- [Assignment]
Your copy should match the listing below word for word, with no images in it.

- [Exercise data]

● ● ● ● ●

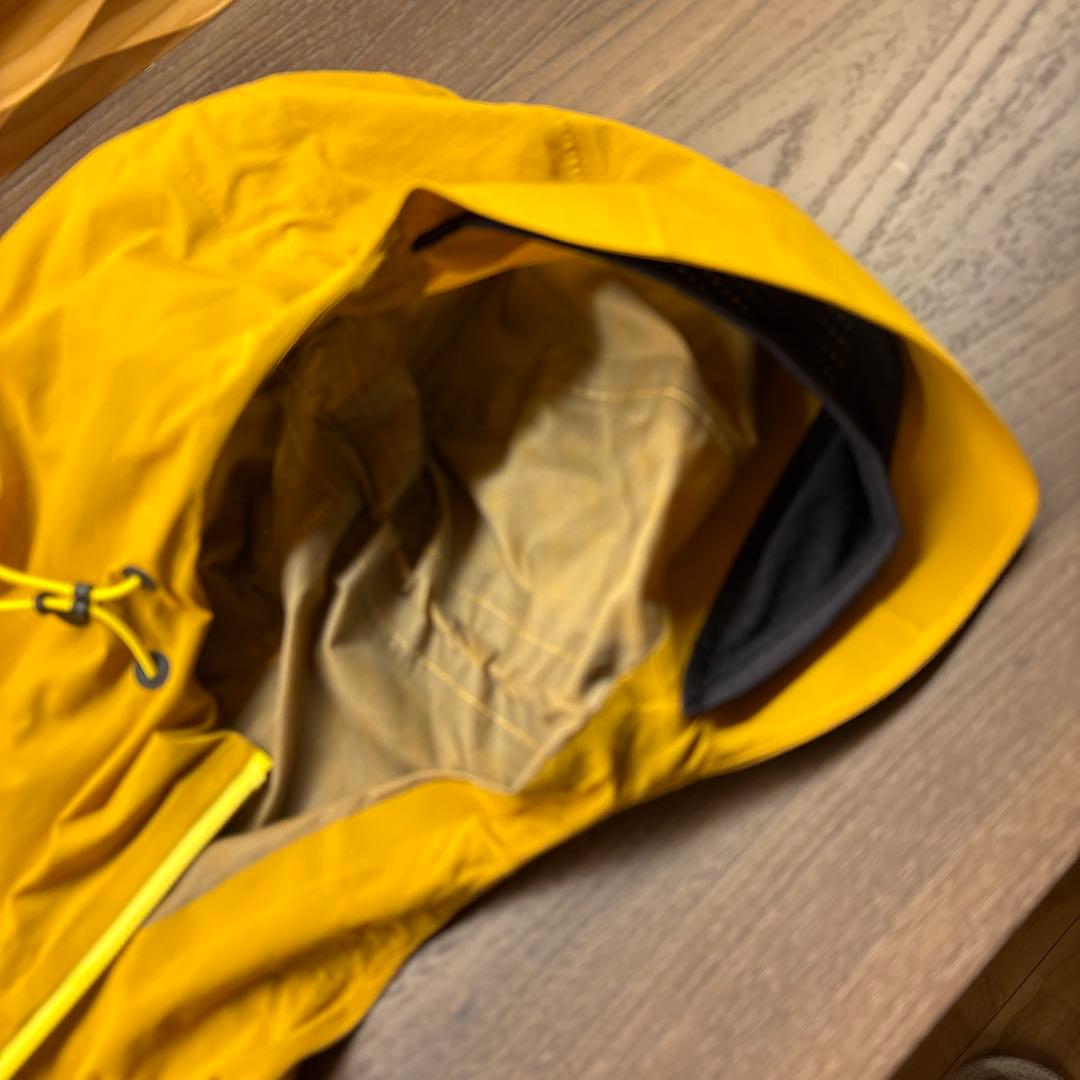 アシックス　FUJITRAIL防水浸透ジャケット　Mサイズ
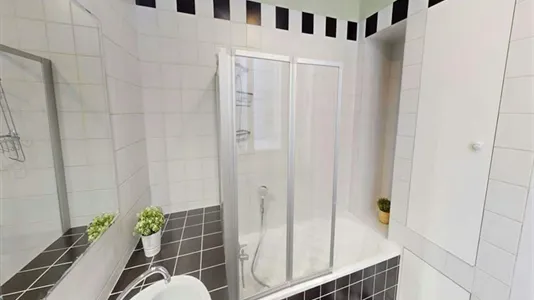 Rooms in Lyon - photo 9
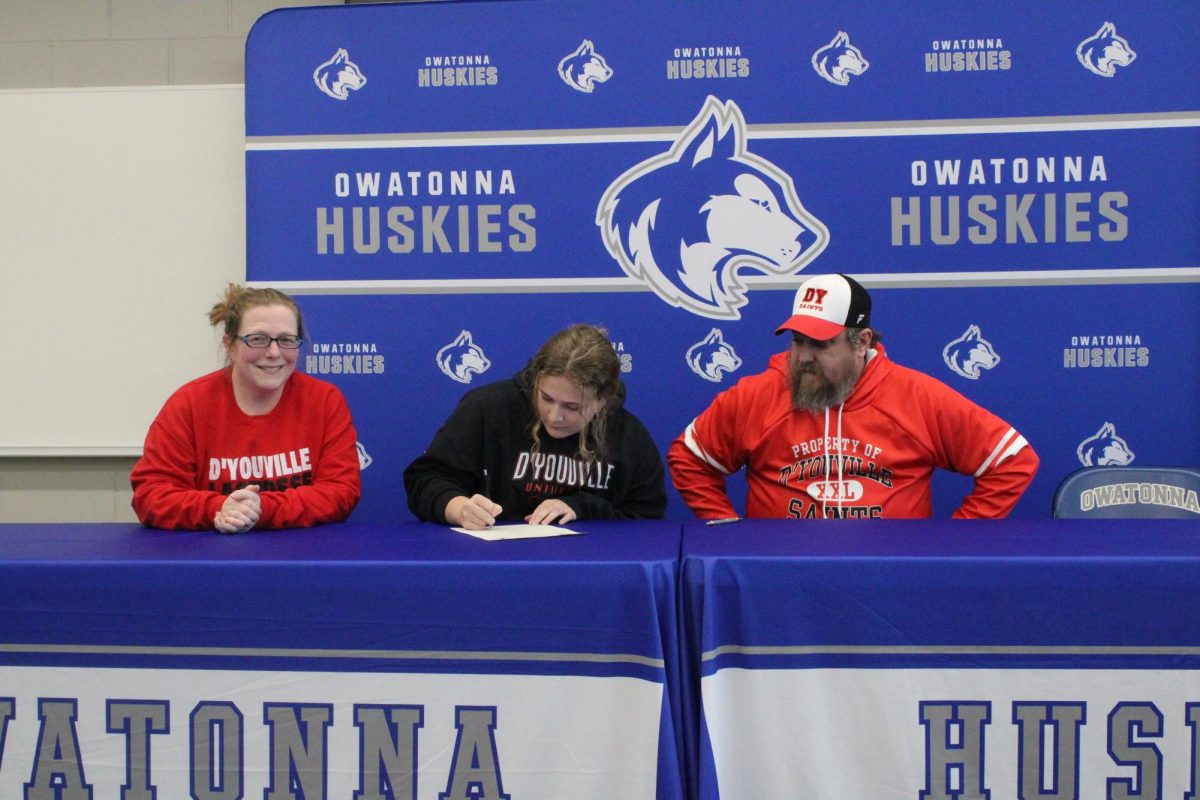 OHS+Senior+Maddie+McGinn+signs+her+letter+of+intent+with+Dyouville+University+to+play+Division+II+lacrosse.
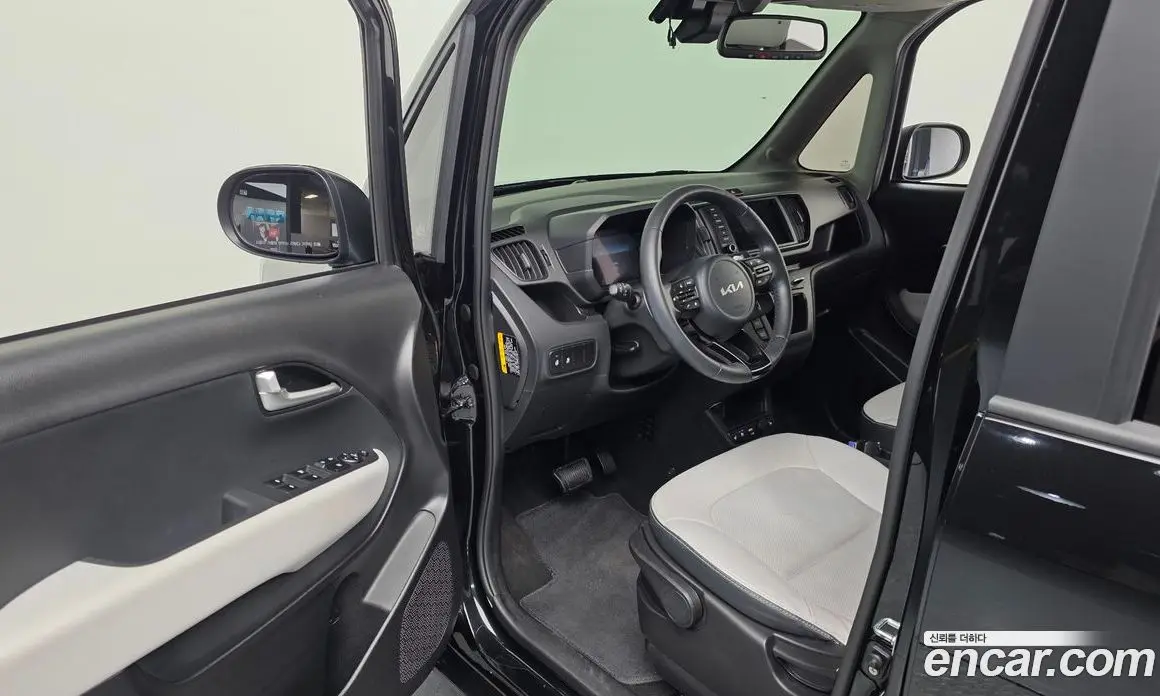 Kia Ray 2023 0.1 автомат (гидро), фото 13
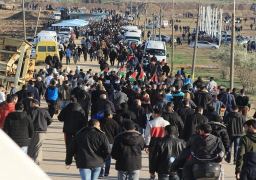 بالصور..توافد الفلسطينيين على حدود غزة للمشاركة في جمعة الوفاء للأبطال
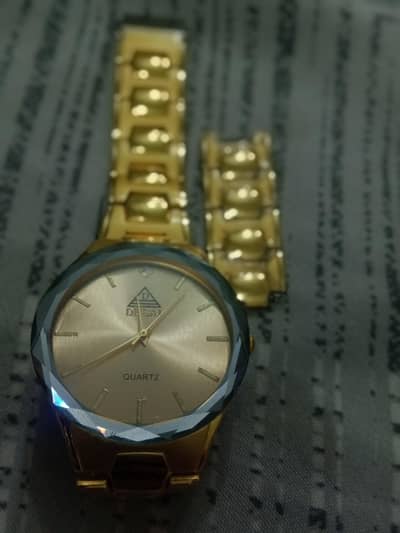Quartz DUBAI watch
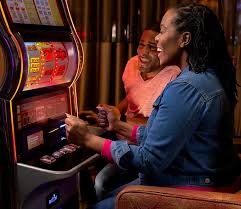 Layar pemain Poker Indonesia menampilkan statistik tangan dan chip stack pemain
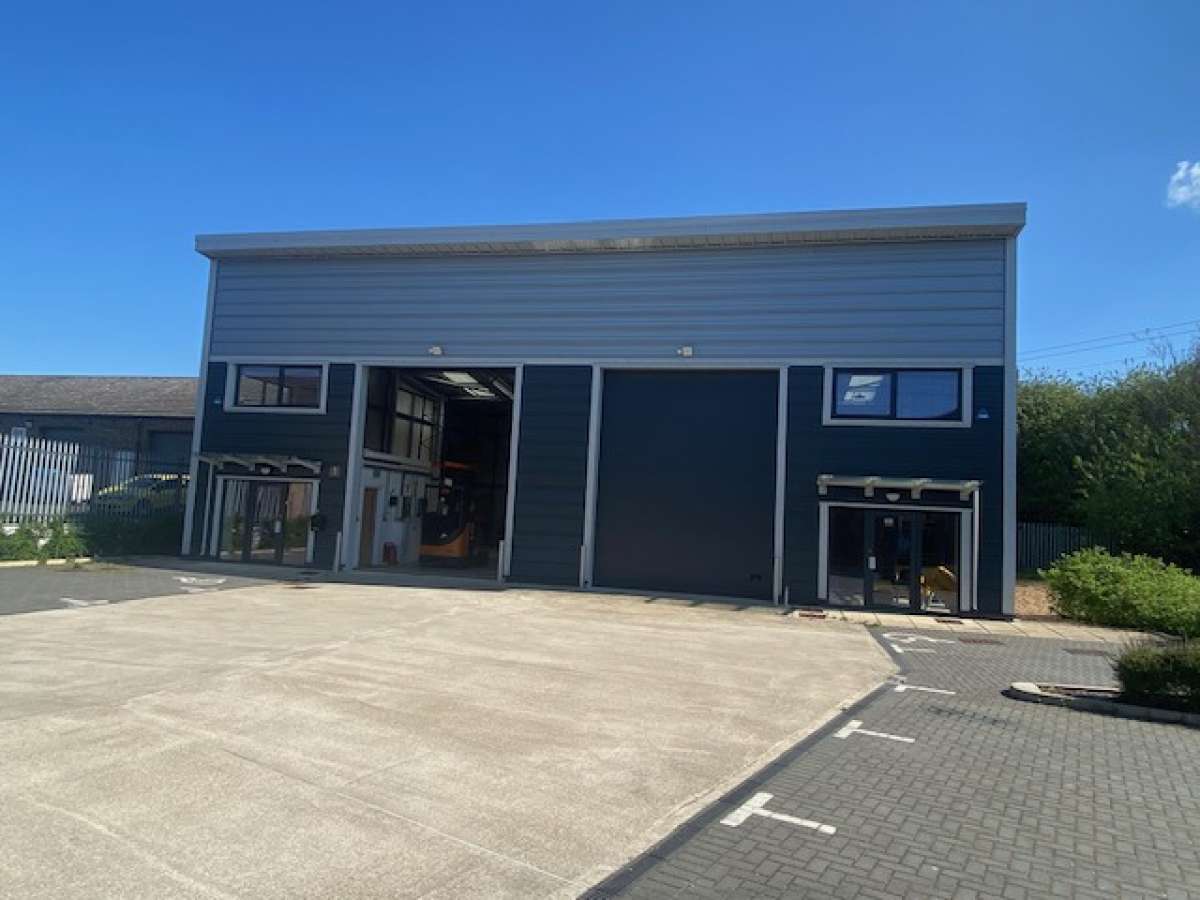 Industrial Unit in Stukeley Meadows Industrial Estate - photo 3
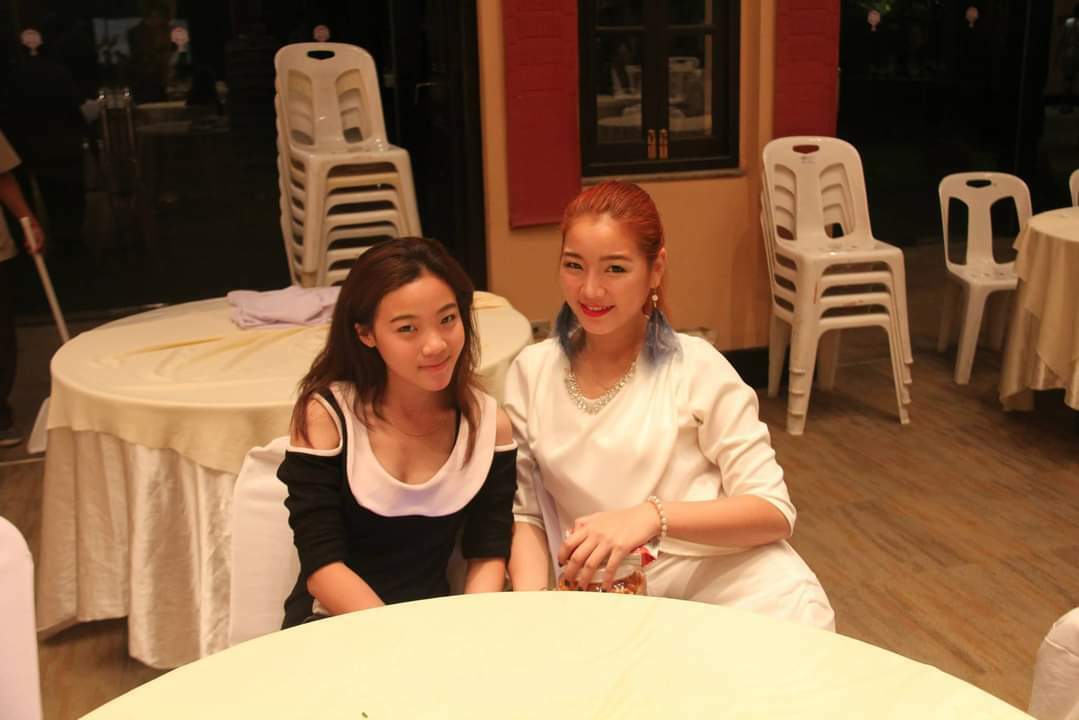 Yellow dyke couple — 8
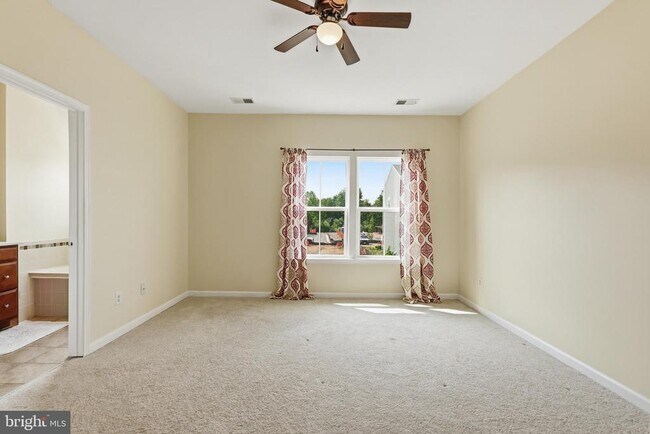 Building Photo - 10739 Hinton Wy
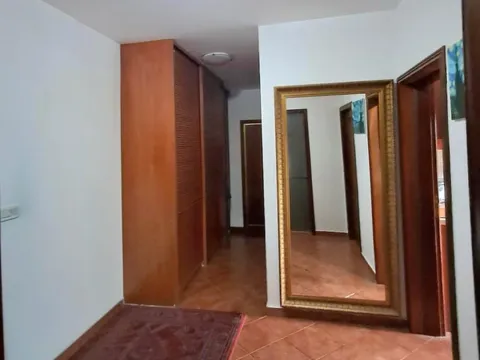 Prodaja, trosoban stan, 130m², Gorica C, Podgorica - image 7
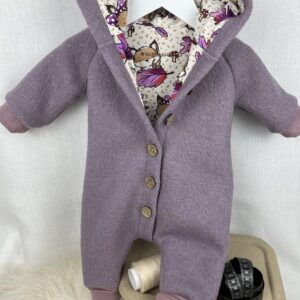 WollWALK «WALK-Overall mit Knöpfen - Lila mit Herbstfuchs» Grösse 62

● ● ● ● ●

- [Exercise answer]
 アシックス　FUJITRAIL防水浸透ジャケット　Mサイズ
 Rooms in Lyon - photo 9
 OHS+Senior+Maddie+McGinn+signs+her+letter+of+intent+with+Dyouville+University+to+play+Division+II+lacrosse.
 Kia Ray 2023 0.1 автомат (гидро), фото 13
 بالصور..توافد الفلسطينيين على حدود غزة للمشاركة في جمعة الوفاء للأبطال
Quartz DUBAI watch
 Layar pemain Poker Indonesia menampilkan statistik tangan dan chip stack pemain
 Industrial Unit in Stukeley Meadows Industrial Estate - photo 3
 Yellow dyke couple — 8
 Building Photo - 10739 Hinton Wy
 Prodaja, trosoban stan, 130m², Gorica C, Podgorica - image 7
 WollWALK «WALK-Overall mit Knöpfen - Lila mit Herbstfuchs» Grösse 62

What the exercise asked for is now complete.